Review: Paris at Atlantic Stage 2
31 January 2020 ∙ Originally published in Exeunt NYC
Before you ask, no, the characters in this play do not live in the storied French capital. But ask any of them where its protagonist, Emmie, is from and they might guess she does. Despite Emmie’s being born and raised in the small, mostly white Vermont town where the play is set, her new coworkers (also locals) say they’ve never seen her before. Would she have wanted them to?
In Paris, actor/writer Eboni Booth’s playwriting debut, visibility and invisibility are existential terrors of equal measure. Located firmly in the Bezos era of warehouse workers unable to take bathroom breaks lest the chain of productivity collapse, the play follows a would-be college graduate as she attempts to keep her head down and earn a living, while remaining visible enough to collect the paycheck. Recently hired at a corporate superstore with a comically sinister training video (heavy echoes of the 2018 film Sorry to Bother You), Emmie (Jules Latimer) is almost a blank slate of reliable efficiency. She doesn’t share much about herself, which may be why her all-white coworkers claim never to have noticed her around town.
Box after box, label after label, she’s kept in the backroom because corporate can’t have someone with visible bruises working sales. Is she telling the truth about the fall that caused them? Her answers, even the ones confirming her coworkers’ suspicions, seem to keep changing , and none of them asks beyond a passing inquiry, and the work goes on. They have their own issues to deal with.
In contrast to her quiet demeanor, the rest of the Berry’s staff is a motley crew of Mamet-like hungry misfits. There’s Gar (Eddie K. Robinson), their silently erupting supervisor; Maxine (a sharp-tongued Danielle Skraastad), a constantly erupting volcano and mother of four; Logan (Christopher Dylan White), whose youth, rebellious attitude, and connections to corporate make his qualifications doubtful; Wendy (a charming, lived-in Ann McDonough), a flask-sneaking longtime employee; and Dev (James Murtaugh), Wendy’s traffic-cop husband who occasionally drops in to peddle self-help books.
Also lurking around David Zinn’s claustrophobic set–a break room built into the wall and an audience-level stockroom floor–is Carlisle (a quietly menacing Bruce McKenzie), who doesn’t work at Berry’s but stalks the store like a hunter looking to collect a mysterious bounty. His appearance about halfway through the one-act play charges it with the danger and purpose it had otherwise begun to lack.

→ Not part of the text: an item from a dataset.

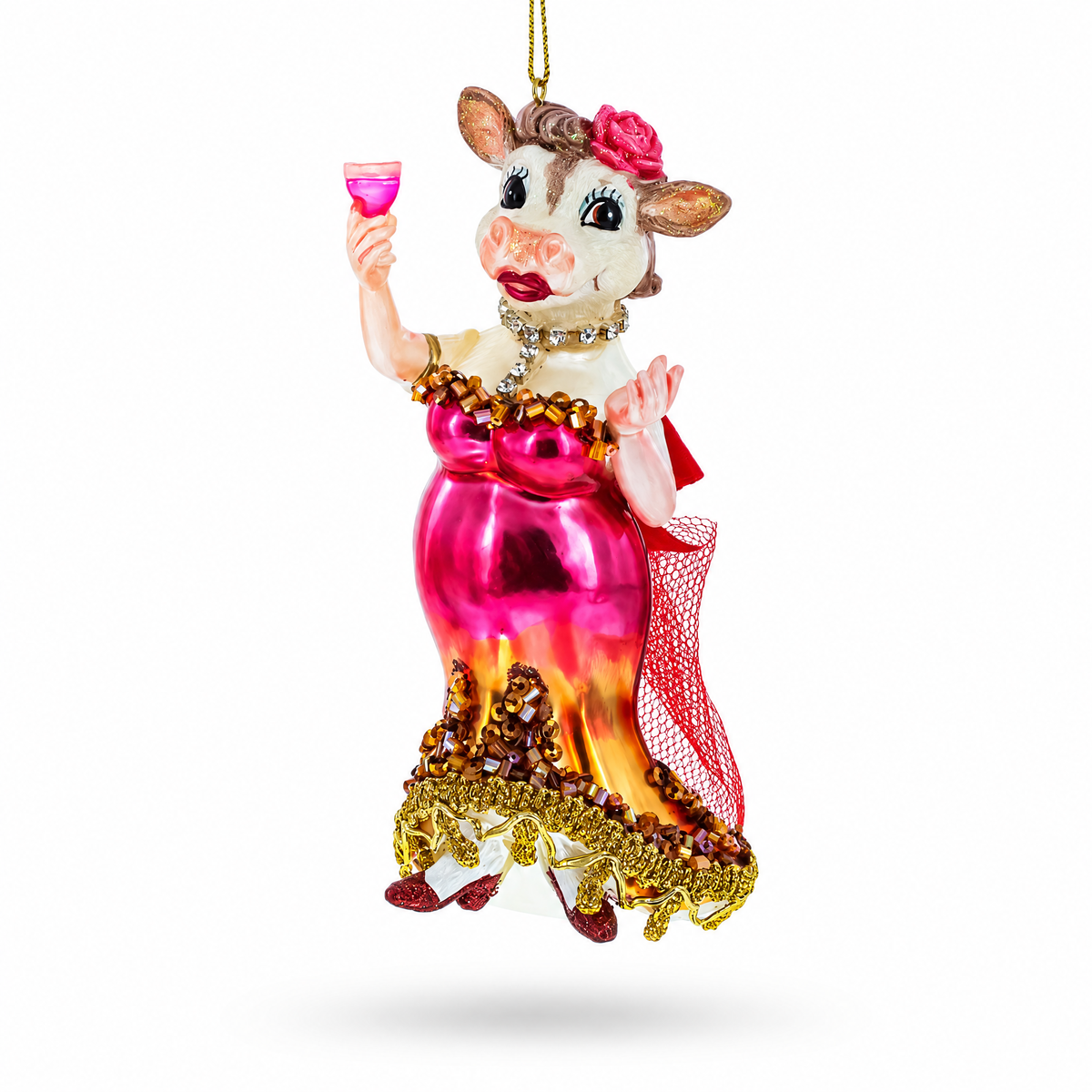 Pink-Dressed Cow with Wine Glass  Christmas Ornament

Until his appearance, Paris wanders through the days leading up to Christmas and New Year’s Eve, as tensions between the employees mount and dissolve at an idle pace. The deeply felt misery of 9-to-5s in late-stage capitalism is the enemy, Booth makes clear pretty early on, and the play is insightful, if not incisive, in its observations of the dehumanizing nature of all-work-and-no-play. Only Wendy’s (forced?) carefree nature and Maxine’s exasperation at her constant undercompensation punctuate the air of stagnation.
The piece’s emotional impact–and it does have one–isn’t fully felt until the final scene, a delayed gratification that’s helped by the lack of an intermission. Director Knud Adams casts a flat affect over the employees’ daily lives: a win for social realism, but one that doesn’t help the script’s lack of dynamism. The performances are engaging and the episodic plot is interesting enough, but the mind has a tendency to wander and wonder where it’s all headed when presented with vignettes that aren’t so much variations on a theme, but repetitions of an idea.
They do add up, however, much like the blame that gets passed around or buried between employees. Only once you’ve relaxed into passively watching Logan promise Emmie information in exchange for attending his rap show, or Carlisle broker shady deals among the crew, do you feel suffocatingly trapped in an impossible rat race. Rooting too hard for one character means you must root less for another, though their issues are complicated and diverse. At this rung of the corporate ladder, even faint glimmers of hope seem to come at the expense of others, and the more everything changes, the more it remains the same.